Re: PATCH: Using BRIN indexes for sorted output

From: Tomas Vondra <tomas(dot)vondra(at)enterprisedb(dot)com>
To: Matthias van de Meent <boekewurm+postgres(at)gmail(dot)com>
Cc: Justin Pryzby <pryzby(at)telsasoft(dot)com>, Andres Freund <andres(at)anarazel(dot)de>, Greg Stark <stark(at)mit(dot)edu>, Zhihong Yu <zyu(at)yugabyte(dot)com>, PostgreSQL Hackers <pgsql-hackers(at)lists(dot)postgresql(dot)org>
Subject: Re: PATCH: Using BRIN indexes for sorted output
Date: 2023-02-23 15:22:37
Message-ID: 30f37aae-57fa-e7ab-9444-7b82969ed68f@enterprisedb.com
Views: Raw Message | Whole Thread | Download mbox | Resend email
Thread:
Lists: pgsql-hackers

On 2/23/23 15:19, Matthias van de Meent wrote:
> On Sat, 18 Feb 2023 at 16:55, Tomas Vondra
> <tomas(dot)vondra(at)enterprisedb(dot)com> wrote:
>>
>> cfbot complained there's one more place triggering a compiler warning on
>> 32-bit systems, so here's a version fixing that.
>>
>> I've also added a copy of the regression tests but using the indexam
>> stats added in 0001. This is just a copy of the already existing
>> regression tests, just with enable_indexam_stats=true - this should
>> catch some of the issues that went mostly undetected in the earlier
>> patch versions.
>
>
> Comments on 0001, mostly comments and patch design:
>
>> +range_minval_cmp(const void *a, const void *b, void *arg)
>> [...]
>> +range_maxval_cmp(const void *a, const void *b, void *arg)
>> [...]
>> +range_values_cmp(const void *a, const void *b, void *arg)
>
> Can the arguments of these functions be modified into the types they
> are expected to receive? If not, could you add a comment on why that's
> not possible?
> I don't think it's good practise to "just" use void* for arguments to
> cast them to more concrete types in the next lines without an
> immediate explanation.
>

The reason is that that's what qsort() expects. If you change that to
actual data types, you'll get compile-time warnings. I agree this may
need better comments, though.

>> + * Statistics calculated by index AM (e.g. BRIN for ranges, etc.).
>
> Could you please expand on this? We do have GIST support for ranges, too.
>

Expand in what way? This is meant to be AM-specific, so if GiST wants to
collect some additional stats, it's free to do so - perhaps some of the
ideas from the stats collected for BRIN would be applicable, but it's
also bound to the index structure.

>> + * brin_minmax_stats
>> + * Calculate custom statistics for a BRIN minmax index.
>> + *
>> + * At the moment this calculates:
>> + *
>> + * - number of summarized/not-summarized and all/has nulls ranges
>
> I think statistics gathering of an index should be done at the AM
> level, not attribute level. The docs currently suggest that the user
> builds one BRIN index with 16 columns instead of 16 BRIN indexes with
> one column each, which would make the statistics gathering use 16x
> more IO if the scanned data cannot be reused.
>

Why? The row sample is collected only once and used for building all the
index AM stats - it doesn't really matter if we analyze 16 single-column
indexes or 1 index with 16 columns. Yes, we'll need to scan more
indexes, but the with 16 columns the summaries will be larger so the
total amount of I/O will be almost the same I think.

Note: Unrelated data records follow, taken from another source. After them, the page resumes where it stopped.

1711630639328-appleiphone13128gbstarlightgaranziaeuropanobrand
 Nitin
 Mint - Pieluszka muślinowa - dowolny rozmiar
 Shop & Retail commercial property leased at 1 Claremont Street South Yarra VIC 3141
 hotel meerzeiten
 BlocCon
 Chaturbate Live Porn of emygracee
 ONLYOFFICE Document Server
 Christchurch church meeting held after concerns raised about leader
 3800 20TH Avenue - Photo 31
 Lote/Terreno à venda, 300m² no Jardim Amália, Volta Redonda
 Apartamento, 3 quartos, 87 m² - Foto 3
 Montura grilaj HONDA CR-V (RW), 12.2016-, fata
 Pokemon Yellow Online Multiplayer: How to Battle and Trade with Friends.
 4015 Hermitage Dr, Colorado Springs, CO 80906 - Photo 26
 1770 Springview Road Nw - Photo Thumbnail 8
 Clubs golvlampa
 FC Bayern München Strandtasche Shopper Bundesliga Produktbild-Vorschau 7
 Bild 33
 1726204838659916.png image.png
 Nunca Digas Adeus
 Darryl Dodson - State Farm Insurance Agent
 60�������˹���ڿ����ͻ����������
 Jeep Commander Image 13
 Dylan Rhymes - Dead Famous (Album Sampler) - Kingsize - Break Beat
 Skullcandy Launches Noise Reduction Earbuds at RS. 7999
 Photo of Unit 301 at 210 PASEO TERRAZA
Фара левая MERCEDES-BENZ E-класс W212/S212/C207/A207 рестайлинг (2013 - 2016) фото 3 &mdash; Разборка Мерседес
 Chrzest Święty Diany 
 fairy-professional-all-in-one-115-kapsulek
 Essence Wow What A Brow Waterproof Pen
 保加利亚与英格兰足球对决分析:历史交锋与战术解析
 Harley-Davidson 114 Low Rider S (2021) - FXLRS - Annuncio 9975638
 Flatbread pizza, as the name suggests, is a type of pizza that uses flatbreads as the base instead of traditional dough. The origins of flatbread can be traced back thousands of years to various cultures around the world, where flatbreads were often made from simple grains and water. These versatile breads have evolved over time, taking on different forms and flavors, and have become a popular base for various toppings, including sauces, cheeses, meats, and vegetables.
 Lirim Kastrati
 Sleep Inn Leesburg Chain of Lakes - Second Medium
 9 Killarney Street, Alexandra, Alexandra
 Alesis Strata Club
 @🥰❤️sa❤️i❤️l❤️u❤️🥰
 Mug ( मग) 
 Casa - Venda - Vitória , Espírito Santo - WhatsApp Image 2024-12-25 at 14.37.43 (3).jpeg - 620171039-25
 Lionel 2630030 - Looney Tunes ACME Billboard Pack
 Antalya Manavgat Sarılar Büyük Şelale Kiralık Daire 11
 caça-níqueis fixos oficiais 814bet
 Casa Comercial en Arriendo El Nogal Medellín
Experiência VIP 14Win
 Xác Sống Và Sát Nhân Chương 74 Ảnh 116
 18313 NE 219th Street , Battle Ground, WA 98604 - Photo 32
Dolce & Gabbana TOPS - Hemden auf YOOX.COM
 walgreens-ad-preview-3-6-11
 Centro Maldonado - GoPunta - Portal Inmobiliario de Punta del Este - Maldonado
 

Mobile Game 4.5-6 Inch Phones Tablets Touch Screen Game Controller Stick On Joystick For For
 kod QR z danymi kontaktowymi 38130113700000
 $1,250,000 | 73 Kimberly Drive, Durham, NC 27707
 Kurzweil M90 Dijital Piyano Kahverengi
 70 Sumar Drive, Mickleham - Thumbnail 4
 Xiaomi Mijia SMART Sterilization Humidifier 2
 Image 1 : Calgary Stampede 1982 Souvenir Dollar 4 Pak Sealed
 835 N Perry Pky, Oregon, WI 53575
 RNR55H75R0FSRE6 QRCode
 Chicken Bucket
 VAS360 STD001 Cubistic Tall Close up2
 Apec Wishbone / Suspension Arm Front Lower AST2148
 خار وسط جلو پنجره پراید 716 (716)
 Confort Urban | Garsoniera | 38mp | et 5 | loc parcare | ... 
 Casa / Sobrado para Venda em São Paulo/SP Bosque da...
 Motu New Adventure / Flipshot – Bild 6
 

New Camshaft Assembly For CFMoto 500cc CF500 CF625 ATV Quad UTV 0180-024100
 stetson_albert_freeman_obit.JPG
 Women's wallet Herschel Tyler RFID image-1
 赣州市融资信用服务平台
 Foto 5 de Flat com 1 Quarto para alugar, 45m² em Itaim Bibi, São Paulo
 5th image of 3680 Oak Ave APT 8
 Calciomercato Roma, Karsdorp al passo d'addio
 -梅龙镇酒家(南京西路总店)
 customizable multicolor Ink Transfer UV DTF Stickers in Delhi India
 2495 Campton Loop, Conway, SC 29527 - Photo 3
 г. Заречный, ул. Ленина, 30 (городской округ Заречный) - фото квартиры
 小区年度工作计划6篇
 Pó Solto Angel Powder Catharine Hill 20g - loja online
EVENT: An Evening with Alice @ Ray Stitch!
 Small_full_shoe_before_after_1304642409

Or maybe I don't understand what I/O you're talking about?

> It is possible to build BRIN indexes on more than one column with more
> than one opclass family like `USING brin (id int8_minmax_ops, id
> int8_bloom_ops)`. This would mean various duplicate statistics fields,
> no?
> It seems to me that it's more useful to do the null- and n_summarized
> on the index level instead of duplicating that inside the opclass.

I don't think it's worth it. The amount of data this would save is tiny,
and it'd only apply to cases where the index includes the same attribute
multiple times, and that's pretty rare I think. I don't think it's worth
the extra complexity.

>
>> + for (heapBlk = 0; heapBlk < nblocks; heapBlk += pagesPerRange)
>
> I am not familiar with the frequency of max-sized relations, but this
> would go into an infinite loop for pagesPerRange values >1 for
> max-sized relations due to BlockNumber wraparound. I think there
> should be some additional overflow checks here.
>

Good point, but that's a pre-existing issue. We do this same loop in a
number of places.

>> +/*
>> + * get_attstaindexam
>> + *
>> + * Given the table and attribute number of a column, get the index AM
>> + * statistics. Return NULL if no data available.
>> + *
>
> Shouldn't this be "given the index and attribute number" instead of
> "the table and attribute number"?
> I think we need to be compatible with indexes on expression here, so
> that we don't fail to create (or use) statistics for an index `USING
> brin ( (int8range(my_min_column, my_max_column, '[]'))
> range_inclusion_ops)` when we implement stats for range_inclusion_ops.
>
>> + * Alternative to brin_minmax_match_tuples_to_ranges2, leveraging ordering
>
> Does this function still exist?
>

Yes, but only in 0003 - it's a "brute-force" algorithm used as a
cross-check the result of the optimized algorithm in 0001. You're right
it should not be referenced in the comment.

>
> I'm planning on reviewing the other patches, and noticed that a lot of
> the patches are marked WIP. Could you share a status on those, because
> currently that status is unknown: Are these patches you don't plan on
> including, or are these patches only (or mostly) included for
> debugging?
>

I think the WIP label is a bit misleading, I used it mostly to mark
patches that are not meant to be committed on their own. A quick overview:

0002-wip-introduce-debug_brin_stats-20230218-2.patch
0003-wip-introduce-debug_brin_cross_check-20230218-2.patch

Not meant for commit, used mostly during development/debugging, by
adding debug logging and/or cross-check to validate the results.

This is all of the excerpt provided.